France’s opposition inflicts a bitter defeat on Macron’s camp – politics

France is unexpectedly slipping into a government crisis. In a vote in the Assemblée Nationale, the larger chamber of the national parliament, on Monday evening, all the main opposition parties surprisingly came together and, for diametrically different reasons, scuttled Interior Minister Gérald Darmanin’s immigration law before the debate in the Palais Bourbon could even begin. 270 MPs voted for the Greens’ motion to reject it, 265 against it. This means that the controversial law, which went far too far for the left and not far enough for the hard right, is off the table for now. When and whether there will be a new one is completely unclear.

This outcome is particularly bitter for the 41-year-old Interior Minister himself. Darmanin had calculated that a triumph with his immigration law, which was also called “Loi Darmanin” in the media, would pave the way for the next presidential election in 2027. He admitted quite frankly that he would then be happy to succeed Emmanuel Macron, who is no longer allowed to run after two terms in office.

For months, Darmanin toured the television studios and promoted his law in the knowledge that many French people in polls were calling for a tougher approach to dealing with migration. The aim was also to dispute the main topic with the extreme right and its leader Marine Le Pen.

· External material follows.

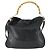 Borsa a Spalla in Pelle Gucci Bamboo 2way Nera Oro Auth ep13051 Nero D'oro - vista 3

He wanted to please both the right and the left. This balancing act fails

For a triumph, however, he needed many votes, ideally from both sides. He promised the right that the expulsion of foreigners who have problems with the justice system would be tightened, as well as a restriction on family reunification and the abolition of social benefits for asylum seekers. In turn, he promised the left that the government would give papers to foreigners without identity documents who worked in employment-intensive sectors, such as construction or domestic help.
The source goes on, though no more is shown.